**** STUDY MATERIAL

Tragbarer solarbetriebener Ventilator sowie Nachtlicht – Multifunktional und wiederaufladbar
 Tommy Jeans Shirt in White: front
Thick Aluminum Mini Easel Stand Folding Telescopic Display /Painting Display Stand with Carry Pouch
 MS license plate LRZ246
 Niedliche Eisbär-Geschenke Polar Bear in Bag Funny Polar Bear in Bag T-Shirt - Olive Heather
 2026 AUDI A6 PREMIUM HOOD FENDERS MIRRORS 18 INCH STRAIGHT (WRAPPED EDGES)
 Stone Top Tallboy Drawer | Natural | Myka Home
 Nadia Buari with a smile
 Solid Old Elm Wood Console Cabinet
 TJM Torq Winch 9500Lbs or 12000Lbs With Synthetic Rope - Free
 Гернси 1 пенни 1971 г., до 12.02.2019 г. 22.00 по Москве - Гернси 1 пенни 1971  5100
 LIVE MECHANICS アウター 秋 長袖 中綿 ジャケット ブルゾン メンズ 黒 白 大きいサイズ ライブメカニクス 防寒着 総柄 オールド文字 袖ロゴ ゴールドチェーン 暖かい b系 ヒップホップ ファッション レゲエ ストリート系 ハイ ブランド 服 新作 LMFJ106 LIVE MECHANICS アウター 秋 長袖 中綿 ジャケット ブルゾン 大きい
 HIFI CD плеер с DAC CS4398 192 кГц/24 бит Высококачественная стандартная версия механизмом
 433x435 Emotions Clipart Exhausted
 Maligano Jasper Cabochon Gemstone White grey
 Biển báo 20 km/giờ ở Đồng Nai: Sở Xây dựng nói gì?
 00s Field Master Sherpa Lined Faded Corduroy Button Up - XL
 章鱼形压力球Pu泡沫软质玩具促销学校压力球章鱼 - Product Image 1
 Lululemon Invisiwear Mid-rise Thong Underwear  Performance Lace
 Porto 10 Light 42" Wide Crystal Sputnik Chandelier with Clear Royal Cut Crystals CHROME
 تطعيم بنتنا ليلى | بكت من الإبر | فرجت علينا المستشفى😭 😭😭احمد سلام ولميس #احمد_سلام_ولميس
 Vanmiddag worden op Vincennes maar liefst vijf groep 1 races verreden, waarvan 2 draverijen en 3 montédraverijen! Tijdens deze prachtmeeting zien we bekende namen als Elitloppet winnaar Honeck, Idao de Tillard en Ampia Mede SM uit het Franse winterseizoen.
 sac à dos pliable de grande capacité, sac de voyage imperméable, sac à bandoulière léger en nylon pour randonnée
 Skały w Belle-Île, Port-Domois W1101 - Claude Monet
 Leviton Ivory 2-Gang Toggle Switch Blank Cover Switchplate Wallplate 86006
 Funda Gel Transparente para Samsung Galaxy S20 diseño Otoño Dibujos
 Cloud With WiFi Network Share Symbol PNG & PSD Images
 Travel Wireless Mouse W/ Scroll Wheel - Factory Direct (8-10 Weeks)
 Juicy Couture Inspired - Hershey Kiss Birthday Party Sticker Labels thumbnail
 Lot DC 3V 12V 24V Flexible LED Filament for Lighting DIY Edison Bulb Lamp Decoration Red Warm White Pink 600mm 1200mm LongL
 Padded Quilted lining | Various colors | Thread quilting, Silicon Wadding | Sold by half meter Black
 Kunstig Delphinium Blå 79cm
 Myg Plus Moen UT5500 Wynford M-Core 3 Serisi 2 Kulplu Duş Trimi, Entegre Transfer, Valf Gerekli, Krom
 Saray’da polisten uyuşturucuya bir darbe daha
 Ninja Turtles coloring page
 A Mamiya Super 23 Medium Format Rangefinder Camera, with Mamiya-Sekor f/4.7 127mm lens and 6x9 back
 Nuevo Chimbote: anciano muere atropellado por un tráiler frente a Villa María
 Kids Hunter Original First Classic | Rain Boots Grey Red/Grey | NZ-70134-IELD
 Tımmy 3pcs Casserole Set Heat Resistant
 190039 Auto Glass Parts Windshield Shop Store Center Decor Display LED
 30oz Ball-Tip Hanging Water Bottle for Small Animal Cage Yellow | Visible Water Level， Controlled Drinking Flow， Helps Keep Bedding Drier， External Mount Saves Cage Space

********

TASK OBJECTIVE :: Once you have read the records above, output each of them verbatim.

ANSWER TO THE EXERCISE ::
Tragbarer solarbetriebener Ventilator sowie Nachtlicht – Multifunktional und wiederaufladbar
 Tommy Jeans Shirt in White: front
Thick Aluminum Mini Easel Stand Folding Telescopic Display /Painting Display Stand with Carry Pouch
 MS license plate LRZ246
 Niedliche Eisbär-Geschenke Polar Bear in Bag Funny Polar Bear in Bag T-Shirt - Olive Heather
 2026 AUDI A6 PREMIUM HOOD FENDERS MIRRORS 18 INCH STRAIGHT (WRAPPED EDGES)
 Stone Top Tallboy Drawer | Natural | Myka Home
 Nadia Buari with a smile
 Solid Old Elm Wood Console Cabinet
 TJM Torq Winch 9500Lbs or 12000Lbs With Synthetic Rope - Free
 Гернси 1 пенни 1971 г., до 12.02.2019 г. 22.00 по Москве - Гернси 1 пенни 1971  5100
 LIVE MECHANICS アウター 秋 長袖 中綿 ジャケット ブルゾン メンズ 黒 白 大きいサイズ ライブメカニクス 防寒着 総柄 オールド文字 袖ロゴ ゴールドチェーン 暖かい b系 ヒップホップ ファッション レゲエ ストリート系 ハイ ブランド 服 新作 LMFJ106 LIVE MECHANICS アウター 秋 長袖 中綿 ジャケット ブルゾン 大きい
 HIFI CD плеер с DAC CS4398 192 кГц/24 бит Высококачественная стандартная версия механизмом
 433x435 Emotions Clipart Exhausted
 Maligano Jasper Cabochon Gemstone White grey
 Biển báo 20 km/giờ ở Đồng Nai: Sở Xây dựng nói gì?
 00s Field Master Sherpa Lined Faded Corduroy Button Up - XL
 章鱼形压力球Pu泡沫软质玩具促销学校压力球章鱼 - Product Image 1
 Lululemon Invisiwear Mid-rise Thong Underwear  Performance Lace
 Porto 10 Light 42" Wide Crystal Sputnik Chandelier with Clear Royal Cut Crystals CHROME
 تطعيم بنتنا ليلى | بكت من الإبر | فرجت علينا المستشفى😭 😭😭احمد سلام ولميس #احمد_سلام_ولميس
 Vanmiddag worden op Vincennes maar liefst vijf groep 1 races verreden, waarvan 2 draverijen en 3 montédraverijen! Tijdens deze prachtmeeting zien we bekende namen als Elitloppet winnaar Honeck, Idao de Tillard en Ampia Mede SM uit het Franse winterseizoen.
 sac à dos pliable de grande capacité, sac de voyage imperméable, sac à bandoulière léger en nylon pour randonnée
 Skały w Belle-Île, Port-Domois W1101 - Claude Monet
 Leviton Ivory 2-Gang Toggle Switch Blank Cover Switchplate Wallplate 86006
 Funda Gel Transparente para Samsung Galaxy S20 diseño Otoño Dibujos
 Cloud With WiFi Network Share Symbol PNG & PSD Images
 Travel Wireless Mouse W/ Scroll Wheel - Factory Direct (8-10 Weeks)
 Juicy Couture Inspired - Hershey Kiss Birthday Party Sticker Labels thumbnail
 Lot DC 3V 12V 24V Flexible LED Filament for Lighting DIY Edison Bulb Lamp Decoration Red Warm White Pink 600mm 1200mm LongL
 Padded Quilted lining | Various colors | Thread quilting, Silicon Wadding | Sold by half meter Black
 Kunstig Delphinium Blå 79cm
 Myg Plus Moen UT5500 Wynford M-Core 3 Serisi 2 Kulplu Duş Trimi, Entegre Transfer, Valf Gerekli, Krom
 Saray’da polisten uyuşturucuya bir darbe daha
 Ninja Turtles coloring page
 A Mamiya Super 23 Medium Format Rangefinder Camera, with Mamiya-Sekor f/4.7 127mm lens and 6x9 back
 Nuevo Chimbote: anciano muere atropellado por un tráiler frente a Villa María
 Kids Hunter Original First Classic | Rain Boots Grey Red/Grey | NZ-70134-IELD
 Tımmy 3pcs Casserole Set Heat Resistant
 190039 Auto Glass Parts Windshield Shop Store Center Decor Display LED
 30oz Ball-Tip Hanging Water Bottle for Small Animal Cage Yellow | Visible Water Level， Controlled Drinking Flow， Helps Keep Bedding Drier， External Mount Saves Cage Space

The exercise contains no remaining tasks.